Put differently, the major political changes and constitutional reforms of the past 20 years have given rise to practices more typical of a federal system than of the Westminster model, such as the sharing of power, the decentralization of authority, and the coordination of policy between different parties and governments. In the absence of a better name, Vernon Bogdanor has referred to the new settlement as the New British Constitution.
Power-sharing with the EU
These domestic transformations should inform the UK’s relationship with the EU. The reality is that, much like at home, sovereignty and power are shared between the EU and its constituent parts.

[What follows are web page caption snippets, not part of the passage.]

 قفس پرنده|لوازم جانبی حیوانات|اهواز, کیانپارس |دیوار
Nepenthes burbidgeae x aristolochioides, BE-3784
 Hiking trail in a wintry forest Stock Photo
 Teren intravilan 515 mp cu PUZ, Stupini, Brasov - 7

Political actors should start from the premise that the Westminster model has had its day. Political parties have accumulated ample experience of domestic power-sharing – from the negotiation on Capital Gains Tax with the Liberal Democrats, to the allocation of financial resources to fund the Scottish Government’s new powers- and this experience should be drawn upon to make its engagement within the EU more constructive. How?

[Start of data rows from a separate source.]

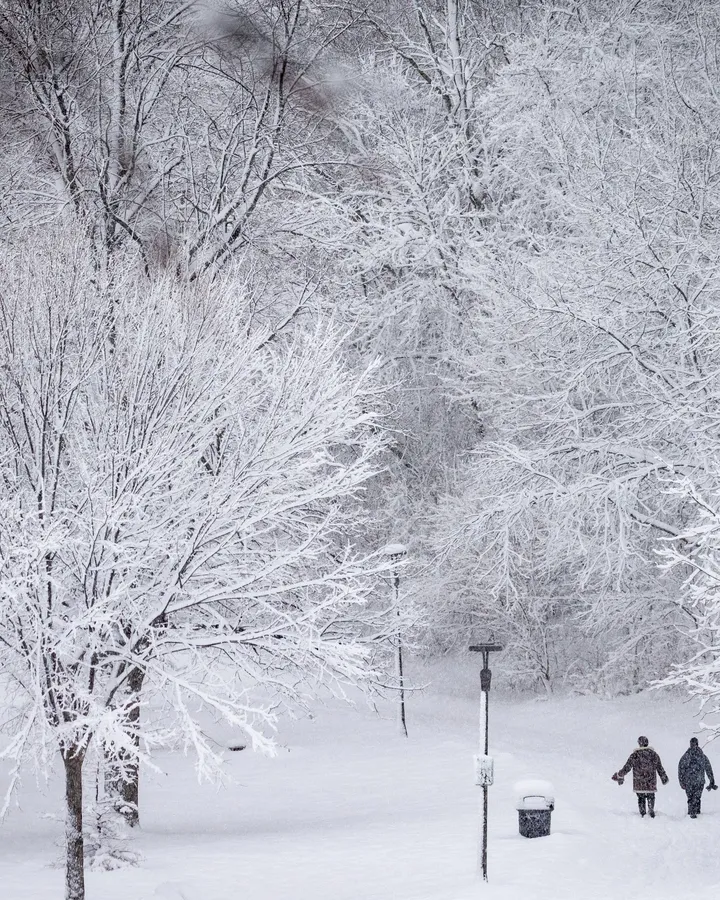 兩個人走過一個白雪覆蓋的公園,樹木結霜。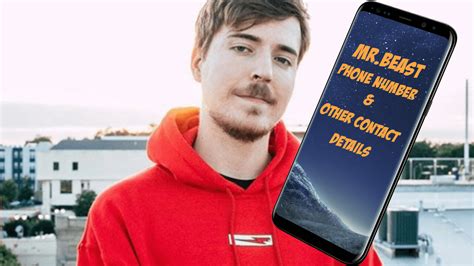 What Is The Mrbeast Number - BEST GAMES WALKTHROUGH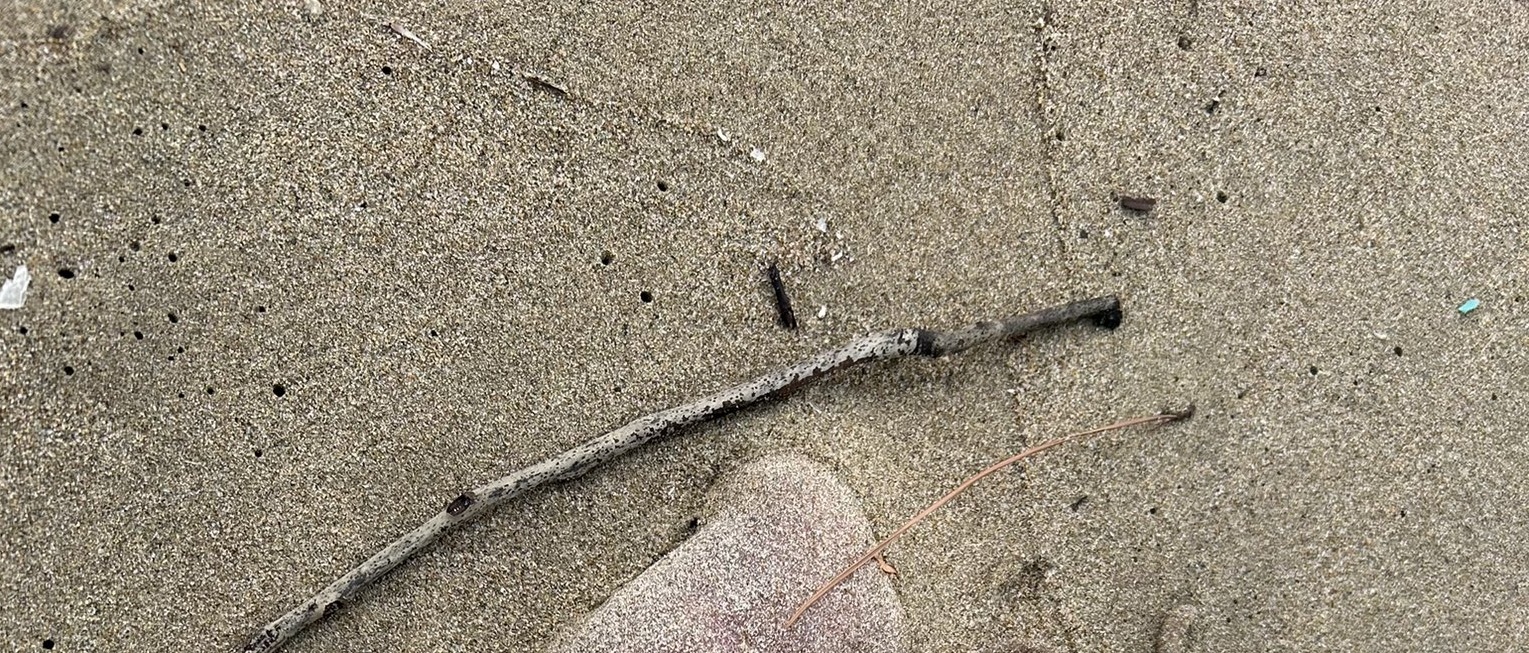 早朝に浜辺を歩いていたら……「今年の運使い果たしたかも！」　まさかの発見が150万表示「すごい！！」「人生で一度は見てみたい」（1/3） | その他生き物 ねとらぼ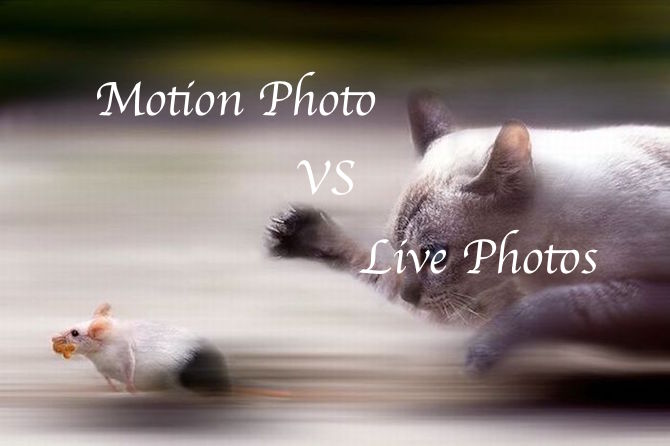Live Photos vs Motion Photo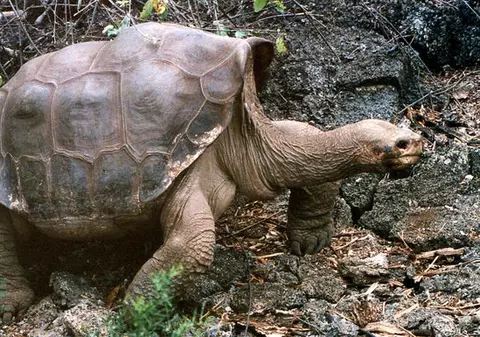 "Singuraticul George", ultimul exemplar din subspecia broaştelor ţestoase de Pinta, a murit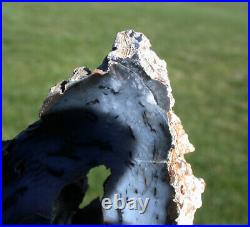 SiS GYNORMOUS 18+ lb. Hubbard Basin Petrified Wood Bookends MY BEST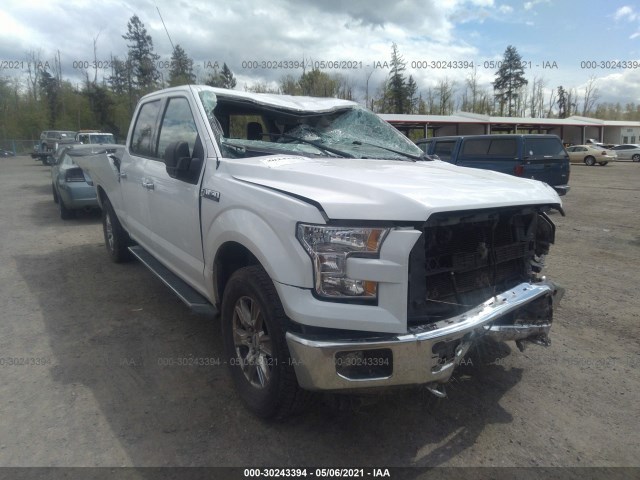 FORD F-150 2015 1ftfw1ef0ffb14436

The first step is to recognize that the major crises currently afflicting the EU- the tribulations of the Eurozone, the movement of Syrian refugees and the renewed threat of Russia- will affect British economic and security interests whether the country is ‘in’ or ‘out’. Beyond the immediate horizon, the UK shares the long-term challenges of its European partners: tackling falling labour productivity, reducing carbon emissions, developing green technologies. By choosing to stay ‘out’, the UK will be deprived of any influence over the way these crises are resolved and challenges confronted.
The second step is for the UK government is to wield influence by forming coalition with other European nations and by recovering its role as a constructive reformer of the EU. The UK has an illustrious tradition of helping to reform the EU in a positive way, while securing a special status in its national interest: pushing for the Single European Act and enhancing the competitiveness of the European economy; reforming the allocations of the European budget from farm subsidies to industrial, technological and social investments. The UK should now seek to build bridges with its estranged traditional allies- the Netherlands, the Nordics, and Germany- in order to shape the European policies that will help itself and the continent to navigate these turbulent seas.
As the referendum campaign gathers pace, the UK should embrace its experience of power-sharing at home to engage constructively with the EU and should make this the most compelling story for its continued membership.